Re: [PATCH v9 23/42] Documentation/x86: Add CET shadow stack description

From: Mark Brown <broonie@kernel.org>
Date: 2023-06-13 17:57:25
Also in: linux-api, linux-arch, linux-mm, lkml

On Tue, Jun 13, 2023 at 05:11:35PM +0000, Edgecombe, Rick P wrote:
Two things that came up as far as unifying the interface were:
1. The map_shadow_stack syscall
x86 shadow stack does some optional pre-populating of the shadow stack
memory. And in additional not all types of memory are supported
(private anonymous only). This is partly to strengthen the security
(which might be a cross-arch thing) and also partly due to x86's
Write=0,Dirty=1 PTE bit combination. So a new syscall fit better.
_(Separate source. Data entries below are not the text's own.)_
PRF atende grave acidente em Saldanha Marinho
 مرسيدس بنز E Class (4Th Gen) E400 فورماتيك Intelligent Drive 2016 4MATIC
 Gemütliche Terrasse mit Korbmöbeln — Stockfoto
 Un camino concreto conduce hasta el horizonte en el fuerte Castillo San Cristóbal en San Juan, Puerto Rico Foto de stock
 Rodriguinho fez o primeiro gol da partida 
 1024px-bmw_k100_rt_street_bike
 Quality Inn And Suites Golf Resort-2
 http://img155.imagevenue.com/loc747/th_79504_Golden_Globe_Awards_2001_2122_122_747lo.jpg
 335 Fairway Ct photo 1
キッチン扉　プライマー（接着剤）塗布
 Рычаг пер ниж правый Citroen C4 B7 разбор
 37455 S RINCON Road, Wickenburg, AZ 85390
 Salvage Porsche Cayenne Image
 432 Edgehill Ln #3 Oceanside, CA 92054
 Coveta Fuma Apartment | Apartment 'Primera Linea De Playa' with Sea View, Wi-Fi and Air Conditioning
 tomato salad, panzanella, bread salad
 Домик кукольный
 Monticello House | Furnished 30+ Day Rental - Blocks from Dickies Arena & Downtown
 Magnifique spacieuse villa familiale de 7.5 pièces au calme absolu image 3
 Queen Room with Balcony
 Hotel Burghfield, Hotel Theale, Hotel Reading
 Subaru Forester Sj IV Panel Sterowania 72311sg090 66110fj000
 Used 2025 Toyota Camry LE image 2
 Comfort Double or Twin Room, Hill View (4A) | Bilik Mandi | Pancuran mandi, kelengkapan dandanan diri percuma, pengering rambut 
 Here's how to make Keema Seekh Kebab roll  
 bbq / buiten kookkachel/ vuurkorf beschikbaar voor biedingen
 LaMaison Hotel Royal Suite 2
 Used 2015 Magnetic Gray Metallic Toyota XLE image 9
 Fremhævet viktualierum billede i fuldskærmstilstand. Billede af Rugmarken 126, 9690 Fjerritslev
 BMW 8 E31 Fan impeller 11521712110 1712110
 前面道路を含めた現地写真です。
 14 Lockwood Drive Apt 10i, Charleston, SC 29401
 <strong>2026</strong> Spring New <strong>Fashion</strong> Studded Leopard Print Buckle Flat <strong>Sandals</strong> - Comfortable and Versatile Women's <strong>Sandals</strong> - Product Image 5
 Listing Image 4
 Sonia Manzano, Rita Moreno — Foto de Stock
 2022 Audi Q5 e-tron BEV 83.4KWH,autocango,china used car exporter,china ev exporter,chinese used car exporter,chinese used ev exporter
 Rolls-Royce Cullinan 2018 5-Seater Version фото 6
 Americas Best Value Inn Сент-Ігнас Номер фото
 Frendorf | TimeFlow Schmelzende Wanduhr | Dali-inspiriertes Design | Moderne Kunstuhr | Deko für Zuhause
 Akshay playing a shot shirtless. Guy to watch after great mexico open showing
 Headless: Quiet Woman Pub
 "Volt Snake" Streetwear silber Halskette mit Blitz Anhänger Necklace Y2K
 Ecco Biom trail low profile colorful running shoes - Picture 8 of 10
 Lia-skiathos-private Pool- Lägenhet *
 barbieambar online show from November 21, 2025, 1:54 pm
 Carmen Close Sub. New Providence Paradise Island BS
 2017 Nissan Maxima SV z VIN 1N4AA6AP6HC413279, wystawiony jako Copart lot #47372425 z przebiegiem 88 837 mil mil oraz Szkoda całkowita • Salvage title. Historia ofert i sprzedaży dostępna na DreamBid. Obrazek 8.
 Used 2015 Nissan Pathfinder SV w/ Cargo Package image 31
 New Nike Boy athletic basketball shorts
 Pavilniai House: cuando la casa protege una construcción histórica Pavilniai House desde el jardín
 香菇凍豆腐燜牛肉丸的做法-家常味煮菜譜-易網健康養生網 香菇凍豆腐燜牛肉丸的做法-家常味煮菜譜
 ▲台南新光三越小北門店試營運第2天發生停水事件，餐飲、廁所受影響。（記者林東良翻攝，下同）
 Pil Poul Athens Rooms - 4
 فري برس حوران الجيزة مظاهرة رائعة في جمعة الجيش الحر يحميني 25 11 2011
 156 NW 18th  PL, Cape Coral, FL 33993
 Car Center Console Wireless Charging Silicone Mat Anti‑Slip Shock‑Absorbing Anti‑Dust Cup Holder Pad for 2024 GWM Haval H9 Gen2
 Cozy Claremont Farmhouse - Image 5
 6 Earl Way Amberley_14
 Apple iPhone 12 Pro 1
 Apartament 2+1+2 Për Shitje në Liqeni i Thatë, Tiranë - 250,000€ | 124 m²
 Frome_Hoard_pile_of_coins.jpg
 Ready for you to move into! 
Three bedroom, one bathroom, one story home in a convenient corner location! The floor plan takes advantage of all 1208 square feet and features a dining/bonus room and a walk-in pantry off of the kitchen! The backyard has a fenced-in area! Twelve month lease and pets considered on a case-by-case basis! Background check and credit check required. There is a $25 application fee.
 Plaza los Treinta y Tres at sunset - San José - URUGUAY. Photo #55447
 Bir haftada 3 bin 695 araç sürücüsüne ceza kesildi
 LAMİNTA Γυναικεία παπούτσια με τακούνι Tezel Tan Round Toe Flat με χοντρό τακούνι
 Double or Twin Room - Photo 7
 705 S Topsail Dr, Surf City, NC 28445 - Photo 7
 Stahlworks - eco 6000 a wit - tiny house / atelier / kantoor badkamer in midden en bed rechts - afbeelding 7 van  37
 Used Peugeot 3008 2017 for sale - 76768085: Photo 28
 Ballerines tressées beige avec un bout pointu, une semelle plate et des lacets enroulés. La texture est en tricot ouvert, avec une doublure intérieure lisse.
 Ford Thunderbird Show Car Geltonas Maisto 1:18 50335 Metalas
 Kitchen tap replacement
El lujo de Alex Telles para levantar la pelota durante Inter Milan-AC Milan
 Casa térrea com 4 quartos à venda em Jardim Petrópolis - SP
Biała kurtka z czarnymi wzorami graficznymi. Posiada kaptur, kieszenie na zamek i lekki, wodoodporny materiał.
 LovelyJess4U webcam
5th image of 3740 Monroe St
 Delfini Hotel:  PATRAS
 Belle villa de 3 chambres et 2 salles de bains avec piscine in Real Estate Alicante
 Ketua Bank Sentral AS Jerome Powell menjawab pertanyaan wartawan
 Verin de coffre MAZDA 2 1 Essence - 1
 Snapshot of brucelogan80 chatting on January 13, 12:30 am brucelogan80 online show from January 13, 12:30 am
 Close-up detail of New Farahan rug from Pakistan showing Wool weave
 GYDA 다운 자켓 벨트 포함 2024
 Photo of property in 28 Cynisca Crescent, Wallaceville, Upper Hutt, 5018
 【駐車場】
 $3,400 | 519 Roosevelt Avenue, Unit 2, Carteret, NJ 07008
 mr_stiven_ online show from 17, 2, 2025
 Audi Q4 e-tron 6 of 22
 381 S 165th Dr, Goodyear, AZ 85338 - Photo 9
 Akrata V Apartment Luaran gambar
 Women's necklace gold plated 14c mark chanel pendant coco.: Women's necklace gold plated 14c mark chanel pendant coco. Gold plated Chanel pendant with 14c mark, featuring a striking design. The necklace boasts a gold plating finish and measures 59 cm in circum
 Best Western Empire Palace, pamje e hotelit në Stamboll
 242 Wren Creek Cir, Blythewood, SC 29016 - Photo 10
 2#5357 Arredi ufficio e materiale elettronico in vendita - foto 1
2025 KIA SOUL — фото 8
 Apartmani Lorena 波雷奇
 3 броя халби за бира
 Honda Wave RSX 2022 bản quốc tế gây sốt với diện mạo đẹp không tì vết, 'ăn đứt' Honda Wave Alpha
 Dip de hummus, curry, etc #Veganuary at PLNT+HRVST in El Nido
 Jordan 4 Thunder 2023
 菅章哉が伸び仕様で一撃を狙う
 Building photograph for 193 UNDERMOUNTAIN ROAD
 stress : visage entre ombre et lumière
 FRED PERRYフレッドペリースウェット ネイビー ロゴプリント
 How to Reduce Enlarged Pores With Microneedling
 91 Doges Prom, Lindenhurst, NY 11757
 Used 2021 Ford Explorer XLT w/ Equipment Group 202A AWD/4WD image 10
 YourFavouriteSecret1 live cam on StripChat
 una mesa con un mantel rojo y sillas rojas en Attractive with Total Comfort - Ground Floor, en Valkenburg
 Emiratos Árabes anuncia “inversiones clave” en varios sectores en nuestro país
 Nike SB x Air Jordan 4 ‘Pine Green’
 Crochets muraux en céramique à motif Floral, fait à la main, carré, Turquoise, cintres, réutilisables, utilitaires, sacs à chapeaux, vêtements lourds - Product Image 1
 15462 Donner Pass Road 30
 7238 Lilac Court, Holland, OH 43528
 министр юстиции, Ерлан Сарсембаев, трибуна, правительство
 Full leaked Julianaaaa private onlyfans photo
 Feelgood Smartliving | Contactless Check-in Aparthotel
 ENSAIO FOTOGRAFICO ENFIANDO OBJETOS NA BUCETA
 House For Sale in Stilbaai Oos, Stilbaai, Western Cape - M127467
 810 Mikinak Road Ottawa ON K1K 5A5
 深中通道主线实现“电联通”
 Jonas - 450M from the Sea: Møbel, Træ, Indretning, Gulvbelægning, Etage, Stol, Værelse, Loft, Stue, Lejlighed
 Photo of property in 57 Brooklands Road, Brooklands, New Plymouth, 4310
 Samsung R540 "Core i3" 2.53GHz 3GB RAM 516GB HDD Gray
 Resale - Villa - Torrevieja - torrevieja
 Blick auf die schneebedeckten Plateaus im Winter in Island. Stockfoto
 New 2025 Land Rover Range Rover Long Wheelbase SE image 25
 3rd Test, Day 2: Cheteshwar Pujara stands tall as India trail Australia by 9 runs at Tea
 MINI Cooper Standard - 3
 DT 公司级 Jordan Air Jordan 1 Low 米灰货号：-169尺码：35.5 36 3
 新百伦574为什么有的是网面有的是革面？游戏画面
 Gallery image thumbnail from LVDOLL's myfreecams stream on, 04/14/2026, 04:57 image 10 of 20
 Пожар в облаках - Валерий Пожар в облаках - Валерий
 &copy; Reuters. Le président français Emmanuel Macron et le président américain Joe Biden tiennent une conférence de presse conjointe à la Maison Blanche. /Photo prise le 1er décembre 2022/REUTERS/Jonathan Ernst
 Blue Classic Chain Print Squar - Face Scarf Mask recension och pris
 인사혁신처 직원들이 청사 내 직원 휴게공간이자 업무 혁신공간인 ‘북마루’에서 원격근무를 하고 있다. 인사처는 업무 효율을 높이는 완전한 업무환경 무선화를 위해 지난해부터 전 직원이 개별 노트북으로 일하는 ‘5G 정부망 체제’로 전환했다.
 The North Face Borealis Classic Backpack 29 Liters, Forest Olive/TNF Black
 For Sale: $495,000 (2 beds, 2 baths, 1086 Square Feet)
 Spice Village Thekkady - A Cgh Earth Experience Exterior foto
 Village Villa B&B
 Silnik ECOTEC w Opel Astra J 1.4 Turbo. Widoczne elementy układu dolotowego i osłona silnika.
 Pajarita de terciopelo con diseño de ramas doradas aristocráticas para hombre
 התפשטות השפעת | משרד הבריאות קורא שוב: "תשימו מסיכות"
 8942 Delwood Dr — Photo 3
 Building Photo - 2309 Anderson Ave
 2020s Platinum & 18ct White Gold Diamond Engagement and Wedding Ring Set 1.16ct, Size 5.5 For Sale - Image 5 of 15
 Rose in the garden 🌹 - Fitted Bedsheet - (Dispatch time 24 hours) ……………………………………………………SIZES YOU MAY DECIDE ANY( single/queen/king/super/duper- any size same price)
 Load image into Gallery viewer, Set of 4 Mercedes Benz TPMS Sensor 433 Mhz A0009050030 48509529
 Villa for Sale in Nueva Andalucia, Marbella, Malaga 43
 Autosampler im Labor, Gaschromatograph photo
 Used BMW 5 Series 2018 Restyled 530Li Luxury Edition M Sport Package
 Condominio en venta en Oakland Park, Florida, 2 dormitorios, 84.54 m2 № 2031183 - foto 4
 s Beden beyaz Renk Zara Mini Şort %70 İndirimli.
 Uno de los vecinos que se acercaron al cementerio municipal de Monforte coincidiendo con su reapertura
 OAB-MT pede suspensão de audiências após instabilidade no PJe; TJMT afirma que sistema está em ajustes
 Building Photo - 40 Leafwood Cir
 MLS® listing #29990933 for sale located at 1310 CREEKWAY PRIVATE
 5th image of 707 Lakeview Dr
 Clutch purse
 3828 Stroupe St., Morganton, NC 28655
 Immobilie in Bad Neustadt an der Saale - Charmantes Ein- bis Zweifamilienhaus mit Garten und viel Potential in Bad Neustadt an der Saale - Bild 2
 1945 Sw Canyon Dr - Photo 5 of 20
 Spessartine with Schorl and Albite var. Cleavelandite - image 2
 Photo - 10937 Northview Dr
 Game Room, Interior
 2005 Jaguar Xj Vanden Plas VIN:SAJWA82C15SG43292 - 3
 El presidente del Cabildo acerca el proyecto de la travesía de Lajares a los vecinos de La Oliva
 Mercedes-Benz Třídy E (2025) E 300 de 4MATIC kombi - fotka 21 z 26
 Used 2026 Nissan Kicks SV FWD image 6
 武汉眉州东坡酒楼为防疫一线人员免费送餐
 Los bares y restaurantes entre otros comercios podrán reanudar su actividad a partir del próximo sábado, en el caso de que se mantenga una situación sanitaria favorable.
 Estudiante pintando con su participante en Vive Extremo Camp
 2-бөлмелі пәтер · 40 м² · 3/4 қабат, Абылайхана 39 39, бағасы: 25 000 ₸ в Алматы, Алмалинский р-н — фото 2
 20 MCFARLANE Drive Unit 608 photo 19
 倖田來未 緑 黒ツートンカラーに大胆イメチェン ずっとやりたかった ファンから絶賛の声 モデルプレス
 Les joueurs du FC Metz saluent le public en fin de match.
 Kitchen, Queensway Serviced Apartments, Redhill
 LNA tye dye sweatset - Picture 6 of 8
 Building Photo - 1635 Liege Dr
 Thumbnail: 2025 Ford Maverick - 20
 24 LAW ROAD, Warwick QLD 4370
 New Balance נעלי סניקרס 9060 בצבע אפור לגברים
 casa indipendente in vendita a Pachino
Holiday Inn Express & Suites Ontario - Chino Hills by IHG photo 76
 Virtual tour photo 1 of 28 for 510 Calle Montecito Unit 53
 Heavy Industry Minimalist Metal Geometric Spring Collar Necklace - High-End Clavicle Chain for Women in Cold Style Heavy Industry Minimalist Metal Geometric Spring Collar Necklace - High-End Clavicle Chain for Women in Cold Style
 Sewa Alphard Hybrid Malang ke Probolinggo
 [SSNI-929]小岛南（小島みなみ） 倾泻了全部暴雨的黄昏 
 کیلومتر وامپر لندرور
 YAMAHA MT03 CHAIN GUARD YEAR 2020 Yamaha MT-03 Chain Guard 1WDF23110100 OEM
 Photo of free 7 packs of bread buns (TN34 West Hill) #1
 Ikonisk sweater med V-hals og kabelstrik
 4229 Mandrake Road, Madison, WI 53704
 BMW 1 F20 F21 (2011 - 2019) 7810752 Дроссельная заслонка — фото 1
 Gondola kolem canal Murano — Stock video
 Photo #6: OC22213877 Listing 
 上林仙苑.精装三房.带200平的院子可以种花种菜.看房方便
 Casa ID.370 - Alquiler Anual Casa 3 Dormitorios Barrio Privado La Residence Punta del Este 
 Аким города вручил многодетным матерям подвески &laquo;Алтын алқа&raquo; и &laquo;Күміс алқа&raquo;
Some
core-mm folks were not super keen on overloading mmap() to start doing
things like writing to the memory being mapped, as well.
Right, the strengthening security bits made this one look cross arch -
that one wasn't worrying me.
2. The arch_prctl() interface
While enable and disable might be shared, there are some arch-specific
stuff for x86 like enabling the WRSS instruction.
For x86 all of the exercising of the kernel interface was in arch
specific code, so unifying the kernel interface didn't save much on the
user side. If there turns out to be some unification opportunities when
everything is explored and decided on, we could have the option of
tying x86's feature into it later.
I think the map_shadow_stack syscall had the most debate. But the
arch_prctl() was mostly agreed on IIRC. The debate was mostly with
glibc folks and the riscv shadow stack developer.
For arm64 we have an equivalentish thing to WRSS which lets us control
if userspace can explicitly push or pop values onto the shadow stack
(GCS for us) so it all maps on well - before I noticed that it was
arch_prctl() I was looking at it and thinking it worked for us.  At the
minute I've taken the prctl() patch from the riscv series and added in a
flag for writability since we just don't have an arch_prctl(), this
isn't a huge deal but it just seemed like needless effort to wonder why
it's different.
For my part, the thing I would really like to see unified as much as
possible is at the app developer's interface (glibc/gcc). The idea
would be to make it easy for app developers to know if their app
supports shadow stack. There will probably be some differences, but it
would be great if there was mostly the same behavior and a small list
of differences. I'm thinking about the behavior of longjmp(),
swapcontext(), etc.
Yes, very much so.  sigaltcontext() too.